Patrick McAtee, Tom Rice, and Jesse Whidden

## Introduction

Do you know anyone that doesn’t know how to count? Most people learn at an early age how to count a set of objects one by one. However, there are problems where counting in the typical fashion will not suffice. These are problems that deal with looking at the number of ways to combine objects. For small numbers it is often possible to count possibilities one by one, but a small increase in choices soon yields a large increase in outcomes. For these situations, a branch of math called combinatorics has been developed.

Combinatorics arose in the seventeenth century in response to the rise in popularity of card games. People wanted to know better ways to count cards and determine probabilities because this would give them an advantage. This first application of combinatorics might have been quite lucrative for some early card players, but wasn’t productive.

There are many practical applications of advanced counting techniques.

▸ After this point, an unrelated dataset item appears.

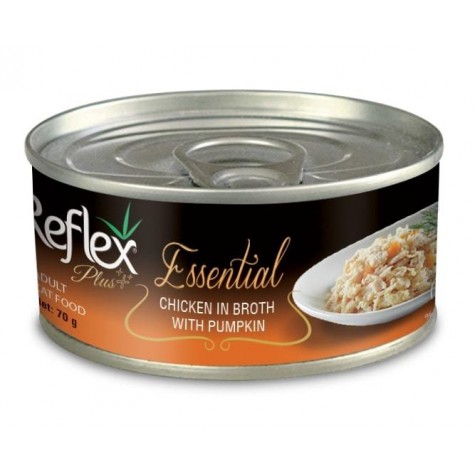 Reflex Plus Essential Kedi Tavuk&Balkabak 70 Gr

Some specific ones relating to Permutations and Combinations are figuring out if there are enough telephone numbers to serve a given population, or likewise for license plate numbers. If one needs to know the number of ways of combining things, combinatorics can be used to figure out how many possible arrangements there are.

This tutorial gives a basic introduction to Permutations and Combinations, a branch of combinatorics, and also delves into some of the deeper topics and applications of these methods. It will also explain simple ways to generate permutations and combinations, and also deal with what to do when repetition needs to be considered.

(This tutorial is based on Discrete Mathematics and its Applications, by Kenneth H. Rosen.)